● **TASK TO CARRY OUT**:
An exact copy of the entries is required, excluding any pictures.
BEGIN GIVEN RECORDS
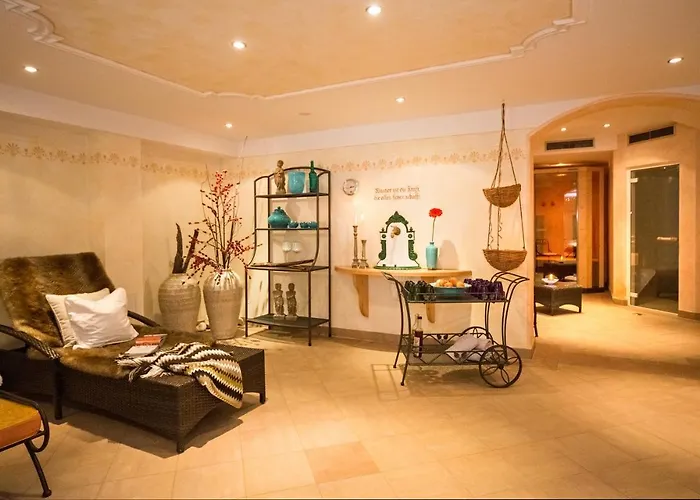 Almhof Roswitha Hotel 3*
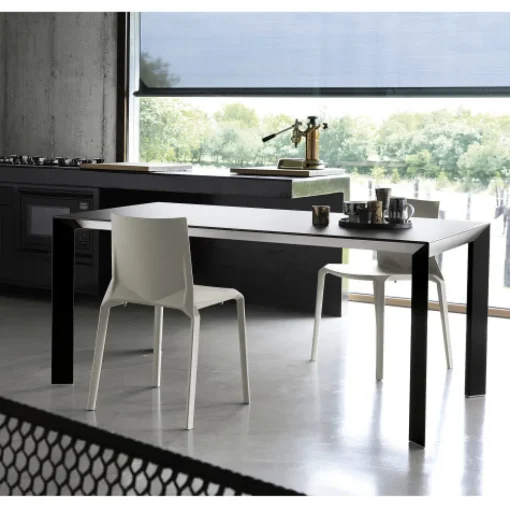 Nori Table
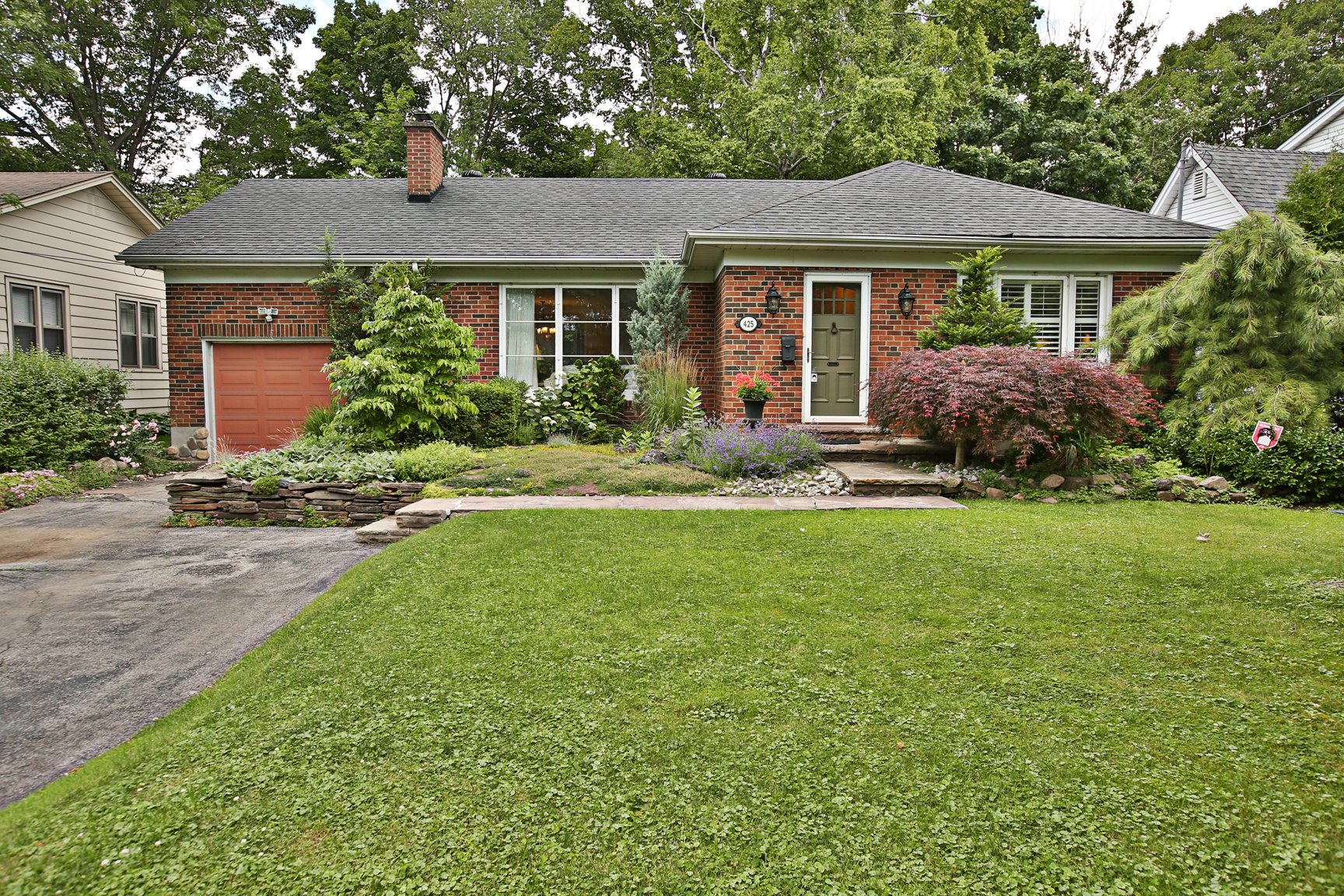 425 River Side Drive Central Oakville Ravine Lot The Cardamone Group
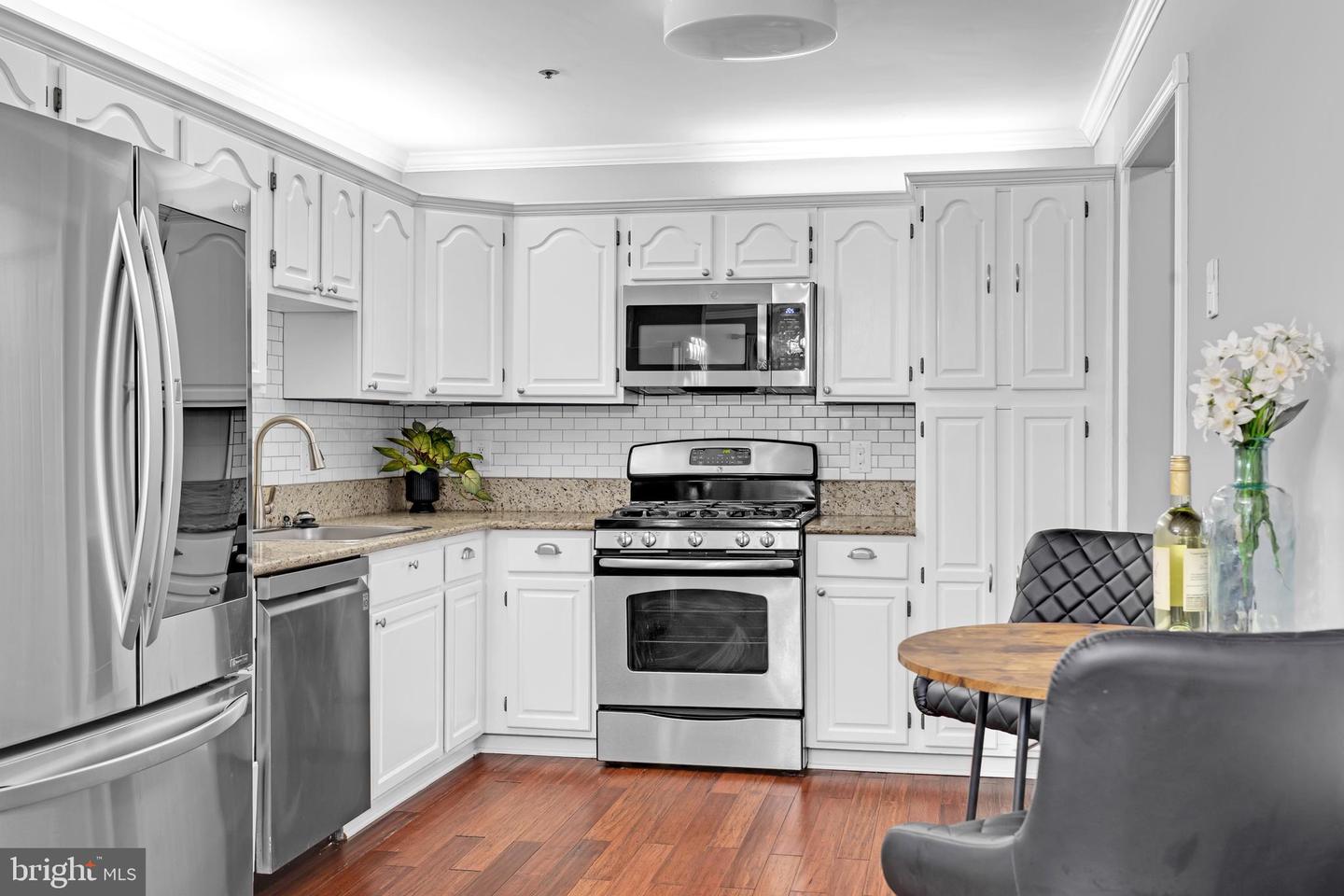 11816 ROCKAWAY LN #26, FAIRFAX, Virginia 22030, 4 Bedrooms Bedrooms, ,2 BathroomsBathrooms,Residential,For sale,11816 ROCKAWAY LN #26,VAFX2252558 MLS # VAFX2252558
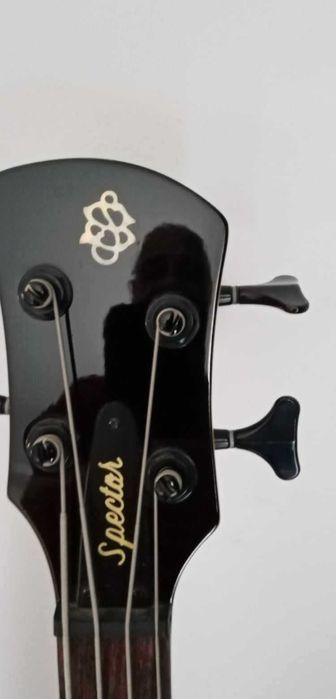 gitara basowa Spector  4 i akcesoria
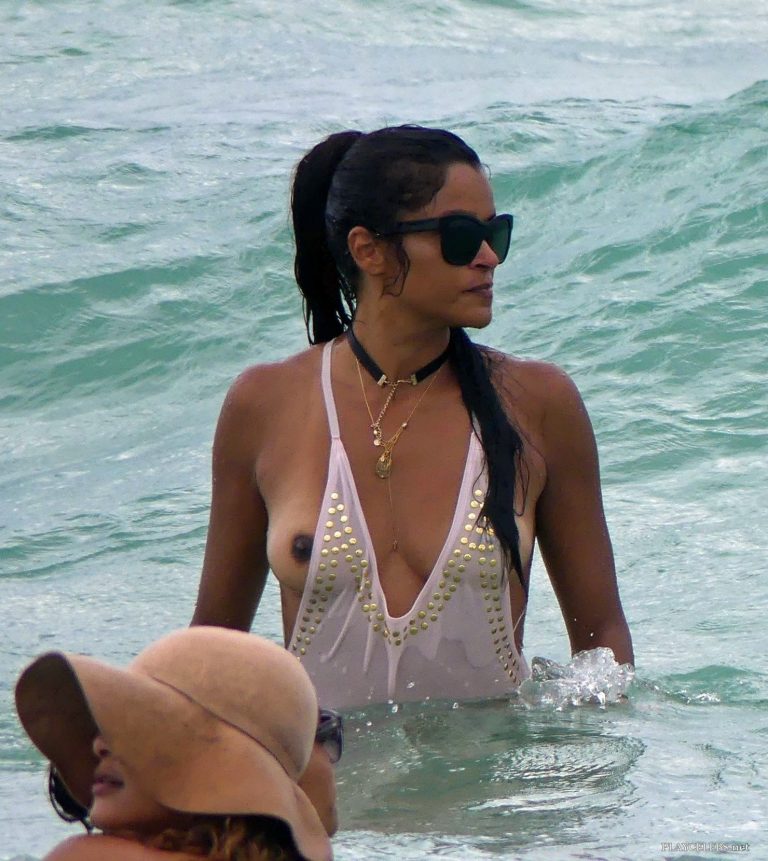 Read more about the article Claudia Jordan Nude Tits And Wet Pussy In Bikini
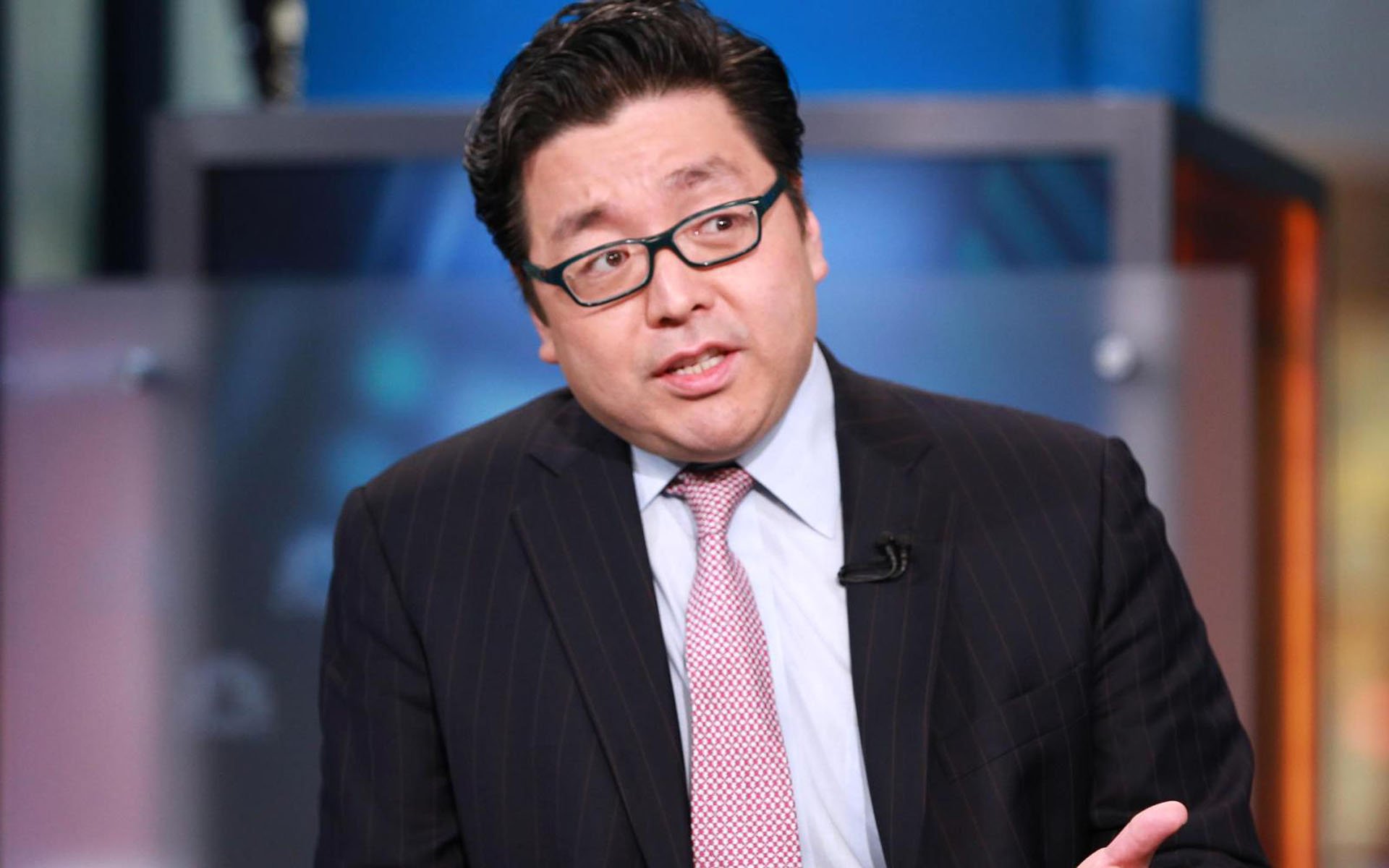 Permabull Tom Lee Holds Strong On 25k Bitcoin Price Prediction - 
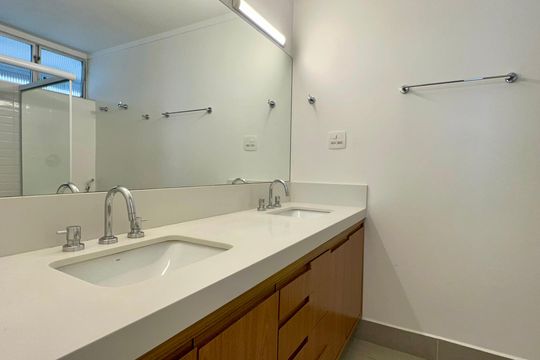 Closet da suíte de apartamento à venda com 2 quartos, 120m² em Pinheiros, São Paulo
END GIVEN RECORDS
● **EXERCISE ANSWER**:
 Almhof Roswitha Hotel 3*
 Nori Table
 425 River Side Drive Central Oakville Ravine Lot The Cardamone Group
 11816 ROCKAWAY LN #26, FAIRFAX, Virginia 22030, 4 Bedrooms Bedrooms, ,2 BathroomsBathrooms,Residential,For sale,11816 ROCKAWAY LN #26,VAFX2252558 MLS # VAFX2252558
 gitara basowa Spector  4 i akcesoria
 Read more about the article Claudia Jordan Nude Tits And Wet Pussy In Bikini
 Permabull Tom Lee Holds Strong On 25k Bitcoin Price Prediction - 
 Closet da suíte de apartamento à venda com 2 quartos, 120m² em Pinheiros, São Paulo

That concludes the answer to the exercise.